The Passacaglia for orchestra, Op. 1, is a musical composition that Anton Webern completed in 1908. It was his first published work and is among his earliest music for symphony orchestra. It is in passacaglia form and marks the culmination of his studies with Arnold Schoenberg.

==Composition==
===Background===
Webern's Passacaglia (1908) was his first major orchestral work since Im Sommerwind (1904). He wrote several preliminary sketches, including three short movements in A minor for orchestra. The 1906 death of his mother, he suggested, affected his music from this time.

===Form===
As the title suggests, the work adopts the passacaglia form, in which a ground bass pattern, the ostinato, supports changing melodies above it, typically in eight-bar phrases. Webern's approach honored this tradition while pushing it forward in a manner recalling the passacaglia finale of Johannes Brahms's Symphony No. 4. According to Hans Moldenhauer, these passacaglias of Brahms and Webern share a somewhat restrained decorum punctuated by outbursts. Webern wrote in 2/4 time, not conventional triple meter. In an increasingly modernist idiom, he used silence structurally and wrote for small groups of instruments, creating more diaphanous textures as in chamber music.

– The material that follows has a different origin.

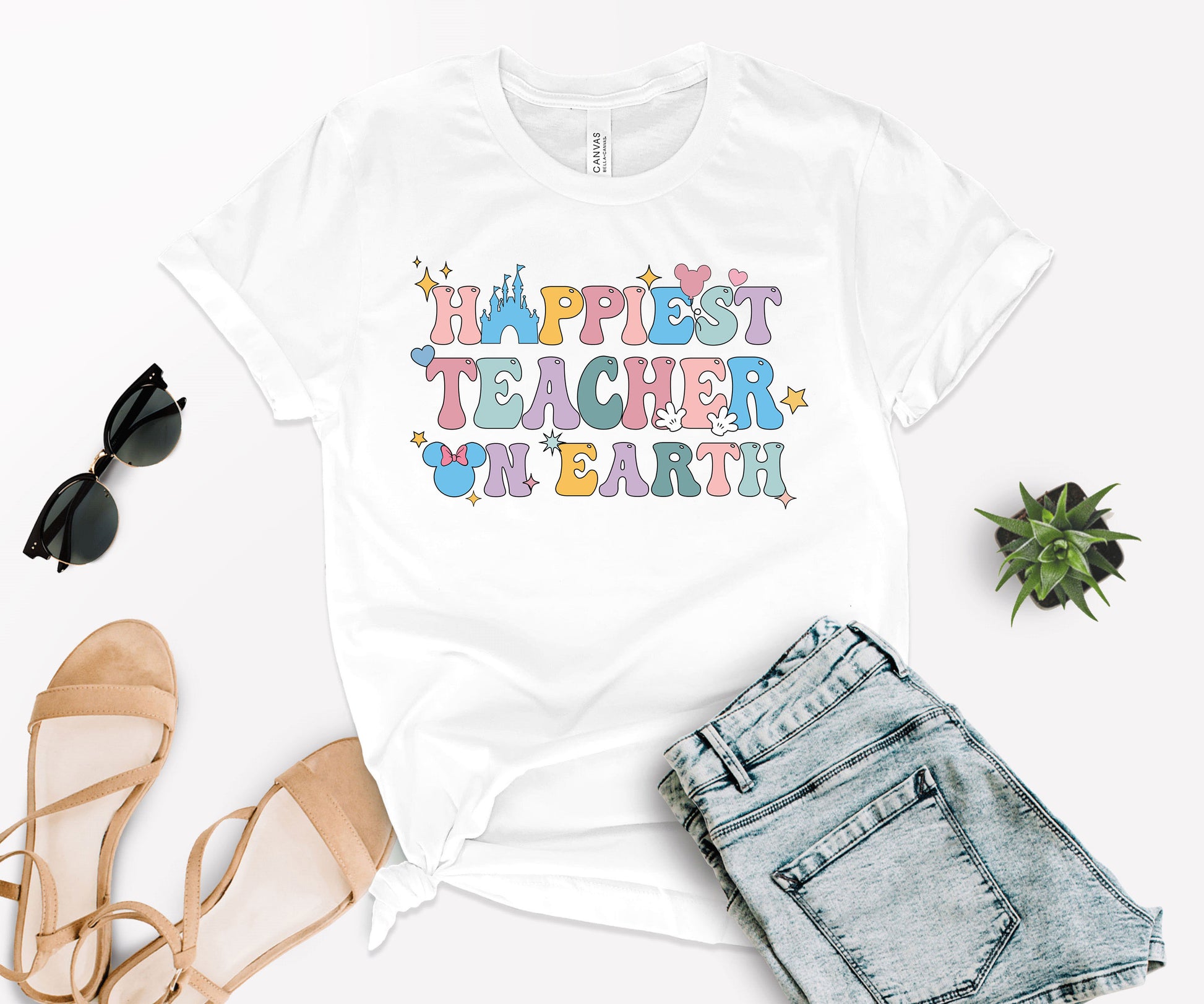 Happiest Teacher Earth Shirt, Happiest Teacher Tee, Disney Teacher Tee-newamarketing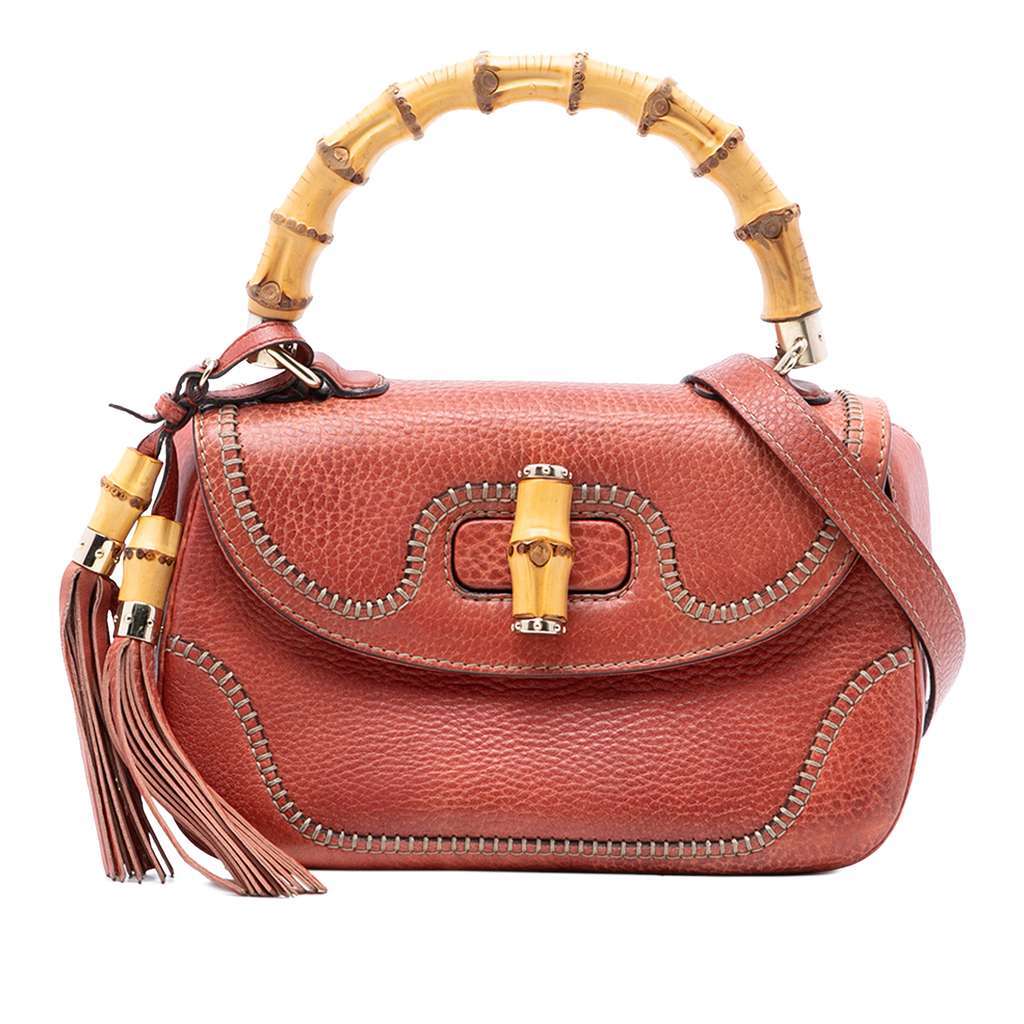 Gucci Medium Leather New Bamboo Satchel Red Leather Very good - Front View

The main theme of the Passacaglia is an eight-bar phrase in D minor on pizzicato strings marked . Webern described its 23 variations in program notes from a 1922 Düsseldorf concert. There are eleven variations in minor keys, four in major keys, and then eight more in minor, followed by a coda with some development.

===Instrumentation===
The work is scored for a large orchestra comprising two flutes, piccolo, two oboes, cor anglais, two clarinets, bass clarinet, two bassoons, contrabassoon, four horns, three trumpets, three trombones, tuba, timpani, percussion (cymbals, bass drum, triangle, tam-tam), harp, and strings.

==Premiere==
Seven or more of Schoenberg's pupils organized their own first public concert (after their 1907 invitation-only concert) at Vienna's Musikverein on 4 November 1908, hiring the Tonkünstler Orchestra. Webern conducted his own Passacaglia and performed O. de Ivanov's Suite for piano four hands with Marietta Jonas-Werndorff.

Invited music critics condemned the music. The Illustrirtes Wiener Extrablatt reviewer wrote (5 November) that Erwin Stein and Webern chased dissonance for effect like Schoenberg, and that the Passacaglia showed "[r]espect for form, without content".

Only Elsa Bienenfeld, in the Neues Wiener Journal (9 November), praised the Passacaglia, singling it out as a mature and compelling example of music and emotion. She compared it to that of Brahms's Fourth while noting its "original" timbres, "free" harmony, and unconventional but deliberate use of imitation in its "manifold interlacings of counterpoint" with "peculiar melodic inventiveness".